The rose wine colored glasses are off and damn, it’s time to change some stuff. There are at least twenty things I can name right NOW that I could be changing but I decided to start with my hair color. Which truly is like number 72 if we listed in these order of importance. But whatevs. I have had black hair and brown hair and red hair and purple hair but never blonde. I dreamed my hair was blonde and I liked it so I had it made blonde yesterday. It looks kind of cool. Totally frivolous but also proof that I am willing to take a chance and that has to have SOME merit. I am so pathologically afraid of failure that I frequently find myself unable to do anything. If I am ever to get unstuck, I will have to DO something.
Progress feels terribly slow. I have so many stressors at play. I still don’t much know how to handle them. I do, however, have to admit that I am healthier than I was a year ago. Last April I was carrying so much extra weight and I was pasty and bloated and bruisy. I opened a gym membership and had to borrow clothes to go because none of mine fit. I was woefully out of shape. The actual picture of a woman who has given up. I REALLY had to fight my embarrassment at my physical condition to go in there every day. God, I looked horrible. Catching a glimpse of myself in the mirror at the gym this evening I realized that I have come a long way. I am still twenty pounds overweight but that is down from forty pounds overweight. My body has a shape again, it is not a blob of misery and despair. I am not embarrassed to walk in the gym doors.

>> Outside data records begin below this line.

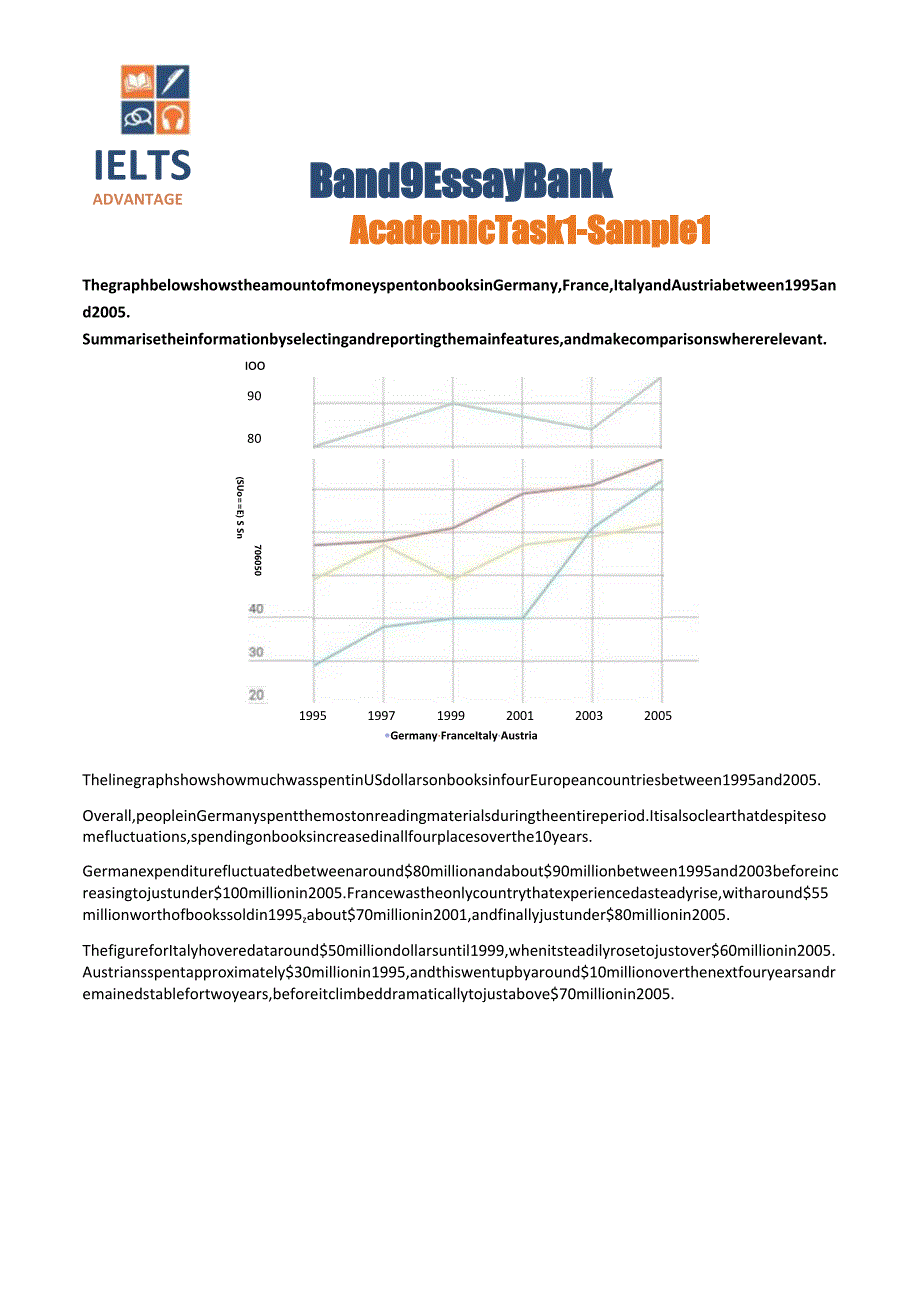 2024剑桥雅思讲义AC_Task_1_Essays.docx_第1页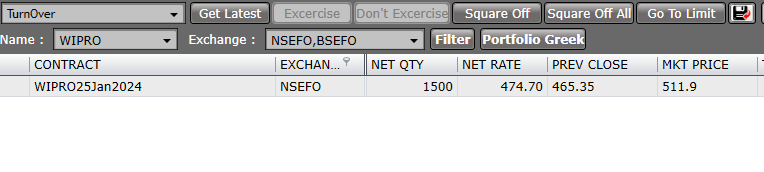 ankushbajaj111's tweet image. #Aakash Portfolio #Wipro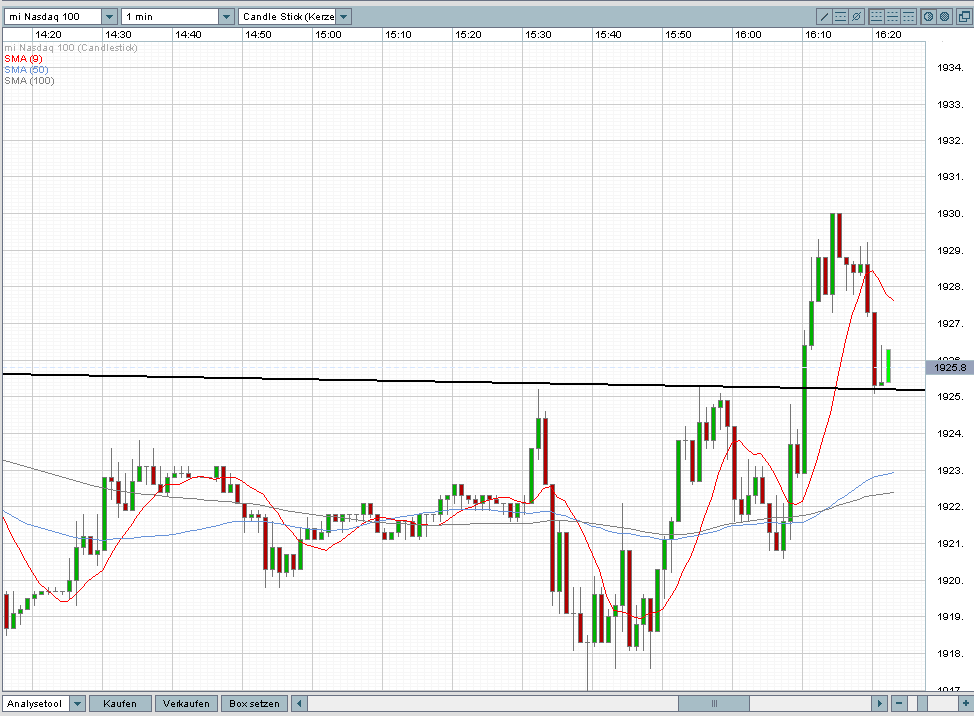 Das Bärengebrüll wird schon wieder lauter, 161364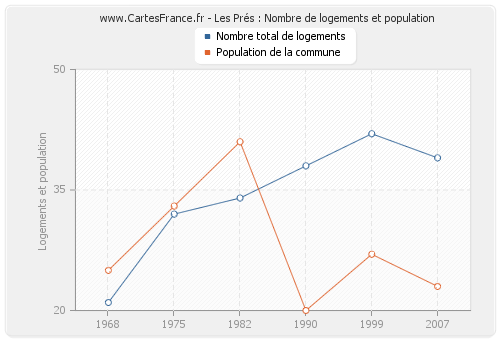 Les Prés : Nombre de logements et population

It is starting to look that my only accomplishment by the time of my one year jubilee will be that I stayed sober for a year. I will not be in my fittest ever body. I will not have filed my taxes in January instead of on April 14. I will not have purged and organized all of my belongings. I will not be in some amazing new relationship where we do yoga in the mornings together. I will not have sorted all my financials. I will not be a new person. I will probably just be me. But at least I will be ME and not a drunken shadow of myself. I’m trying.